[Pallas MGPU] Disable XLA:GPU autotuning in attention tests

We don't care about performance of the reference impl, we only use it for
correctness testing. More importantly, it works around a deadlock at compile
time that sometimes happens when testing large batch sizes.

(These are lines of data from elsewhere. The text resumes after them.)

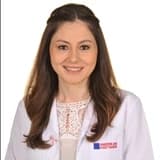 Prof. Dr. Ece Dilege Profil Fotoğrafı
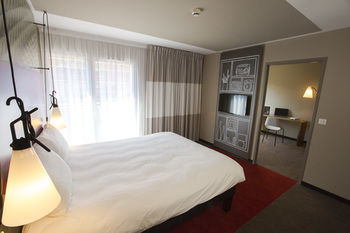 Hotel Ibis Lille Centre Grand Palais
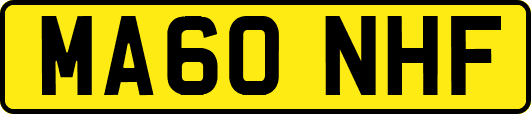 MA60NHF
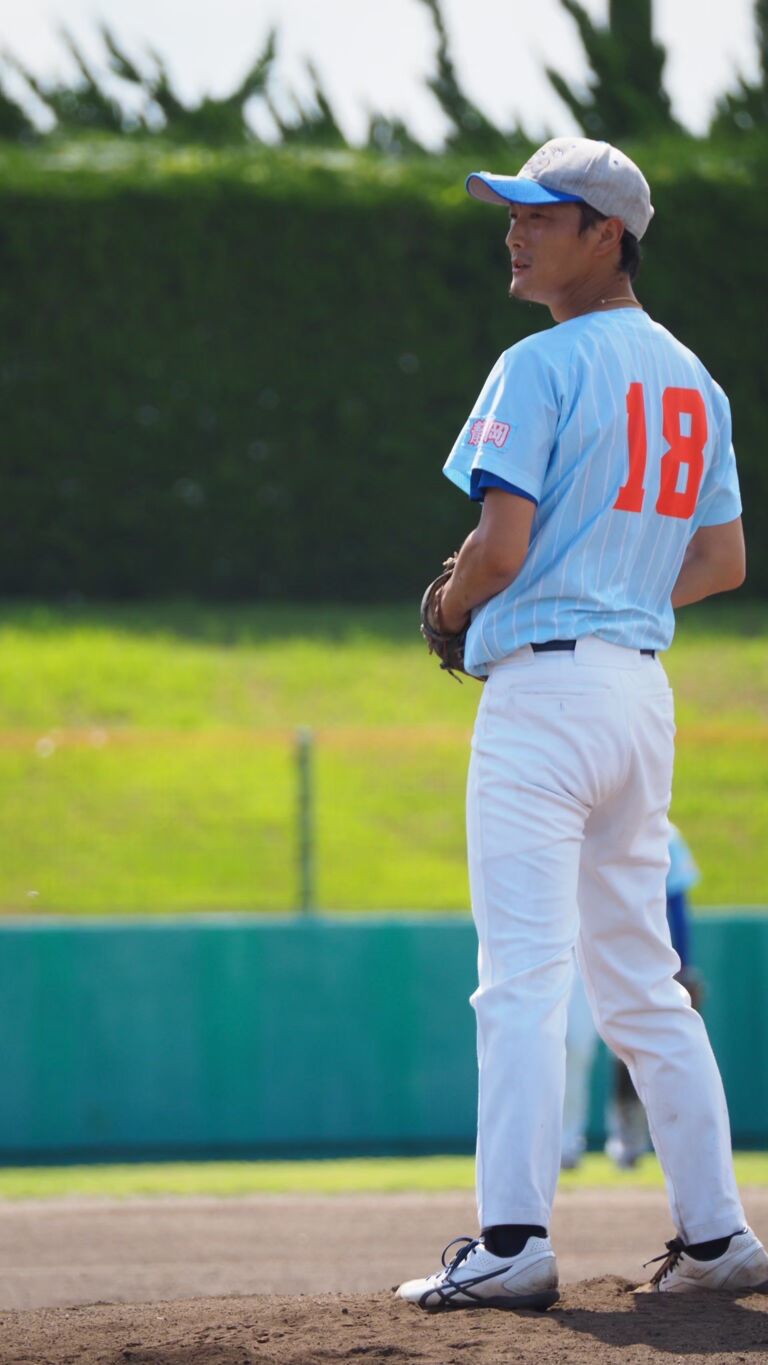 辻 倫史の選手画像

PiperOrigin-RevId: 703521029
This commit is contained in:
Adam Paszke 2024-12-06 09:18:28 -08:00 committed by jax authors
parent 8b656206af
commit eda7506d6b

View File

@ -494,6 +494,7 @@ jax_multiplatform_test(
srcs = ["//jax/experimental/pallas/ops/gpu:attention_mgpu.py"],
enable_backends = [],
enable_configs = ["gpu_h100_x32"],
env = {"XLA_FLAGS": "--xla_gpu_autotune_level=0"},
tags = [
"manual",
"notap",
@ -509,6 +510,7 @@ jax_multiplatform_test(
srcs = ["mgpu_attention_test.py"],
enable_backends = [],
enable_configs = ["gpu_h100_x32"],
env = {"XLA_FLAGS": "--xla_gpu_autotune_level=0"},
deps = [
"//jax:pallas",
"//jax:pallas_experimental_gpu_ops",